◆ **Items from a dataset**:
"""
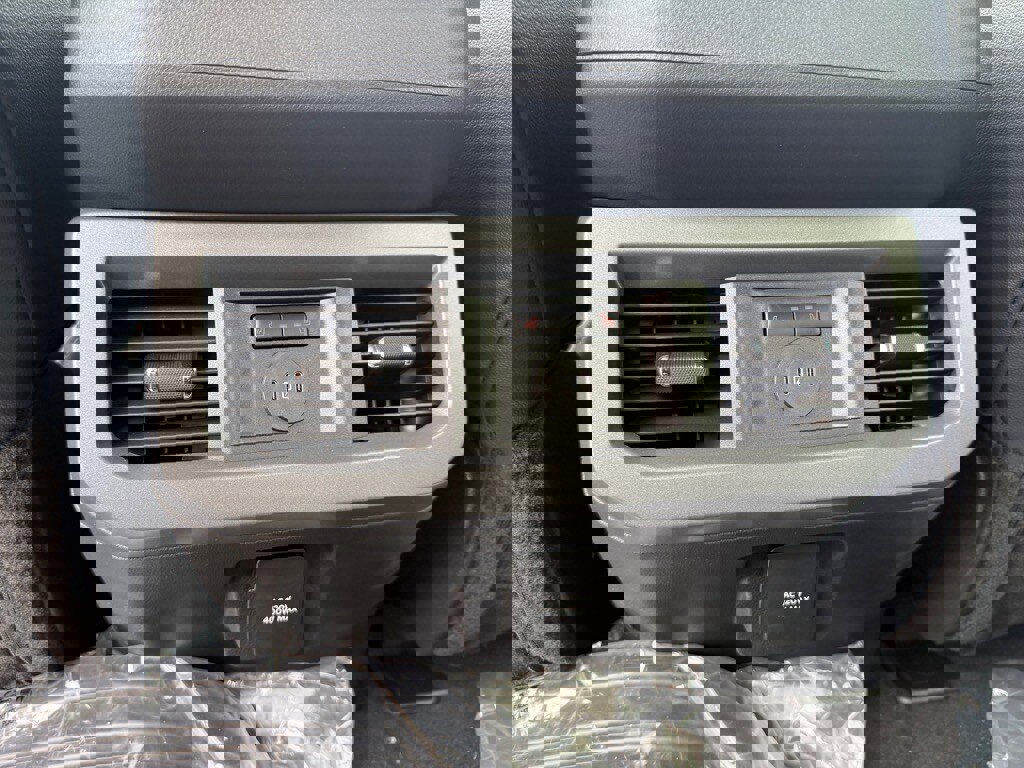 New 2025 Ford F250 Lariat w/ Lariat Ultimate Package image 15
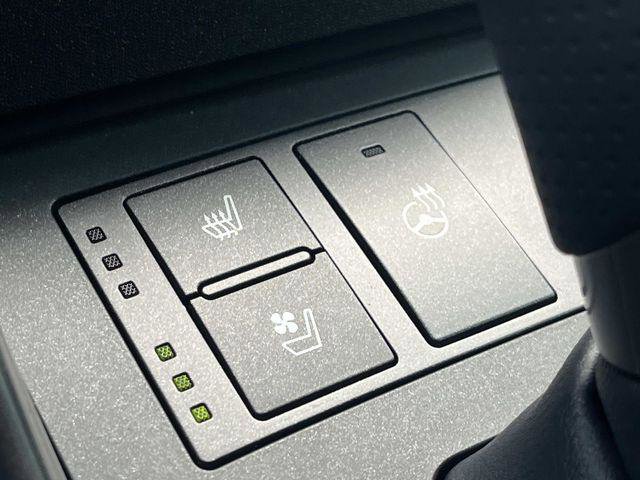 Certified 2024 Lexus IS 350 F Sport w/ Navigation Package RWD image 38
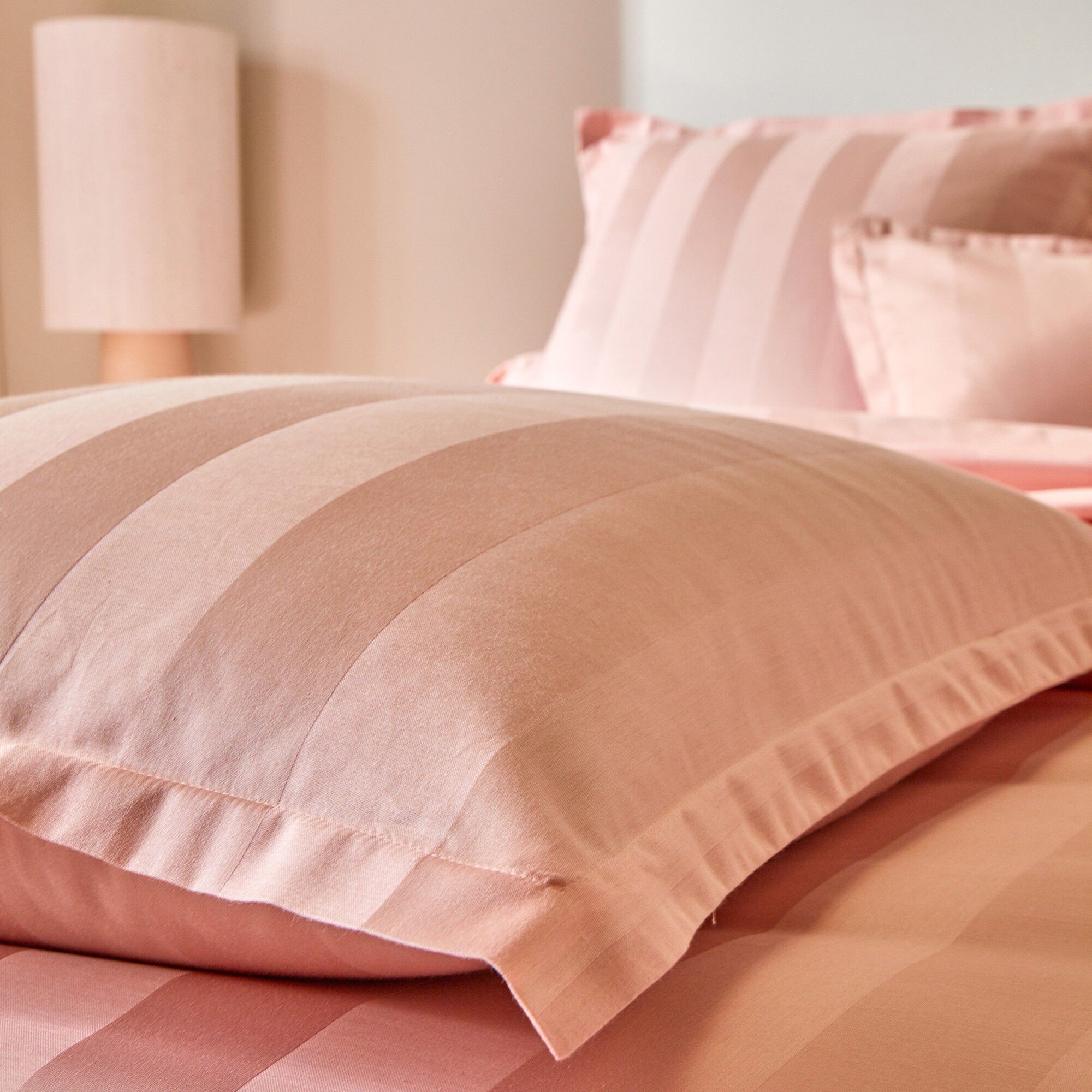 Linge de lit satin rayé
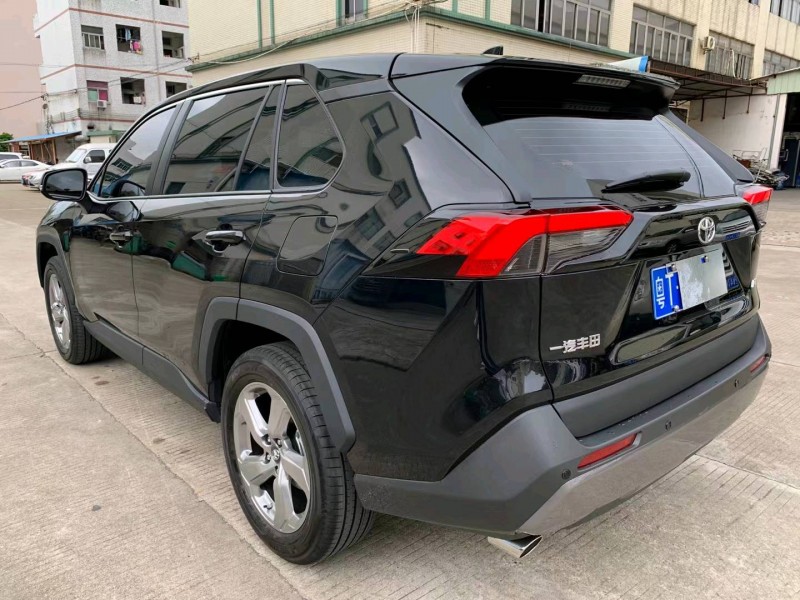 中山22年丰田RAV46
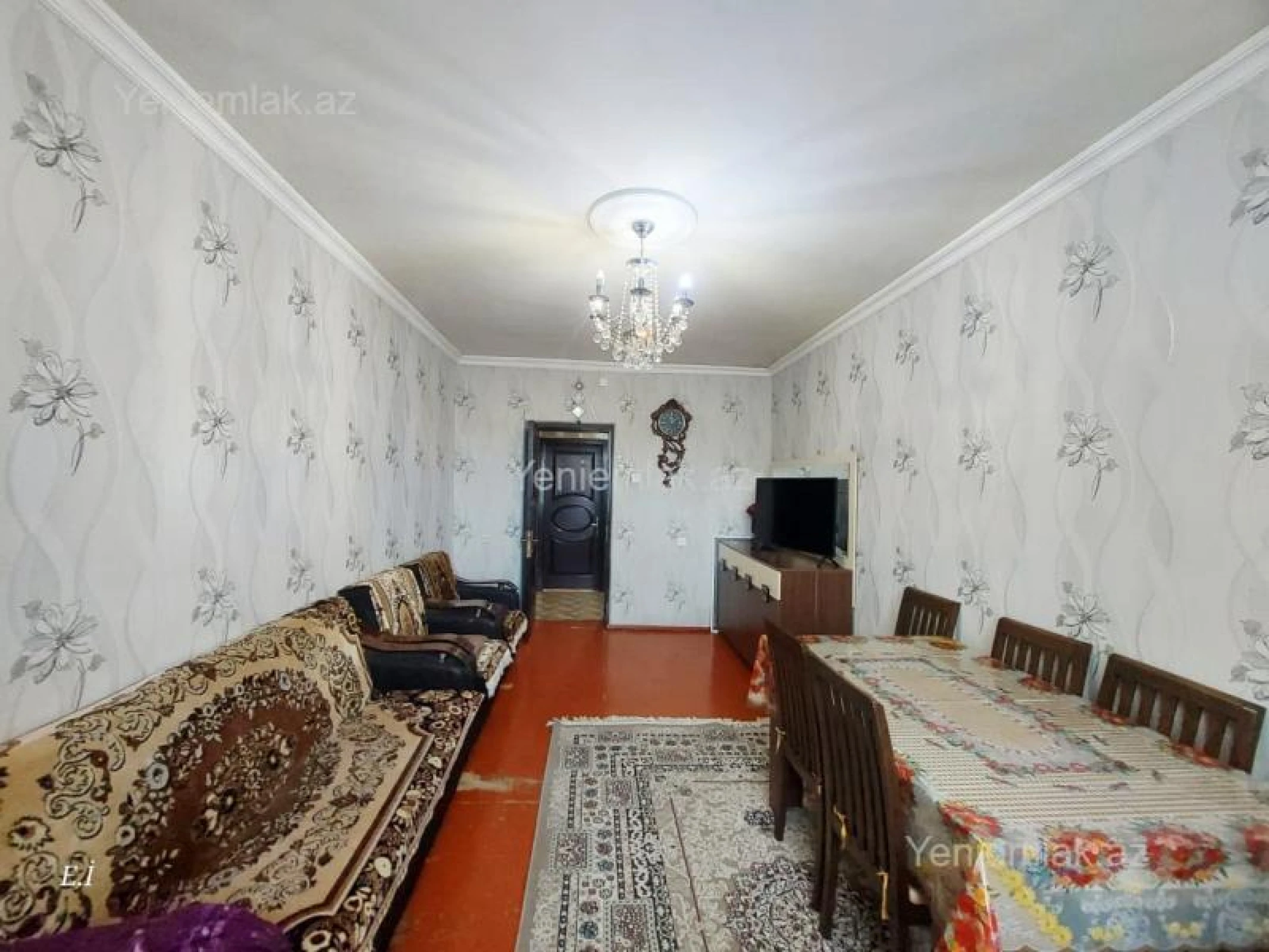 Satılır 5 otaqlı köhnə tikili 90 m²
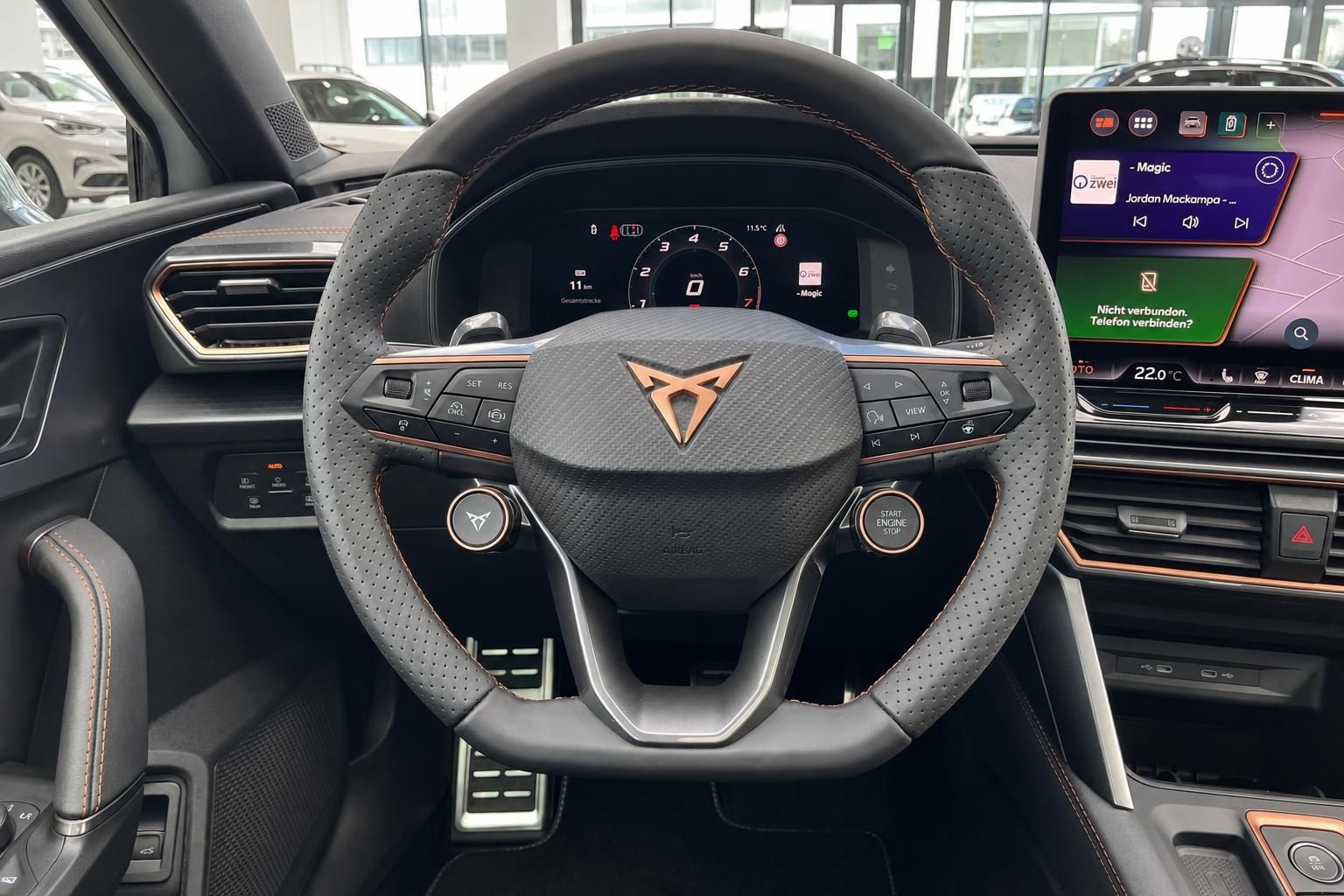 Cupra Lenkrad mit Multifunktionstasten und digitalem Tacho im Cockpit
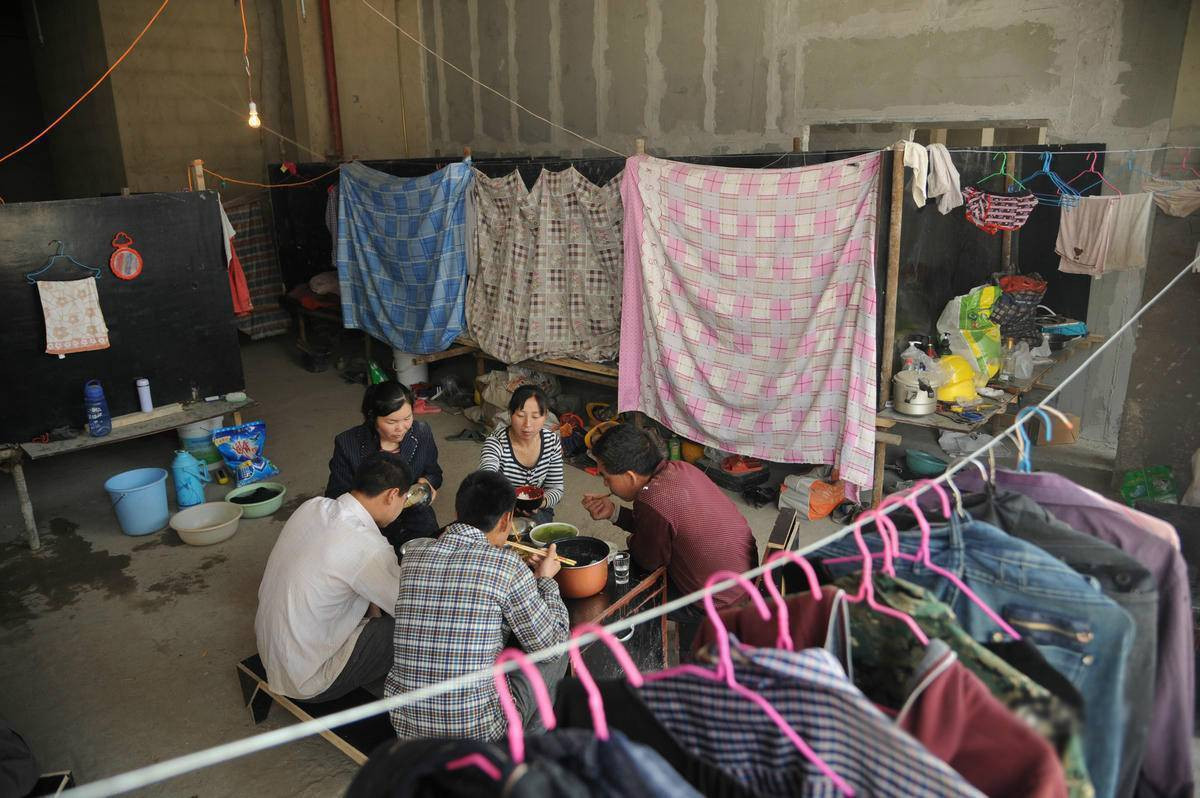 80名男女混住出租房行踪隐秘 警方抓捕现场多人抱头蹲地图片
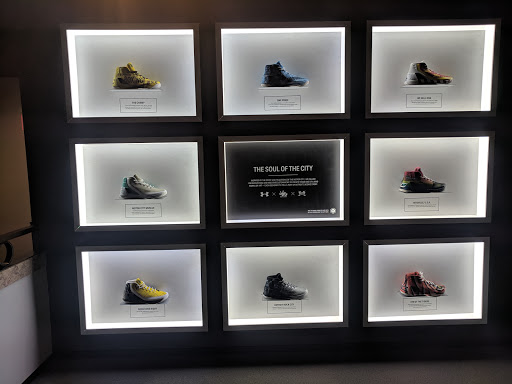 Clothing Store «Under Armour Brand House», reviews and photos, 1201 Woodward Ave, Detroit, MI 48226, USA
"""
◆ **Task brief**:
Your job is to repeat the data exactly, leaving each picture out.

◆ **Answer**:
 New 2025 Ford F250 Lariat w/ Lariat Ultimate Package image 15
 Certified 2024 Lexus IS 350 F Sport w/ Navigation Package RWD image 38
 Linge de lit satin rayé
 中山22年丰田RAV46
 Satılır 5 otaqlı köhnə tikili 90 m²
 Cupra Lenkrad mit Multifunktionstasten und digitalem Tacho im Cockpit
 80名男女混住出租房行踪隐秘 警方抓捕现场多人抱头蹲地图片
 Clothing Store «Under Armour Brand House», reviews and photos, 1201 Woodward Ave, Detroit, MI 48226, USA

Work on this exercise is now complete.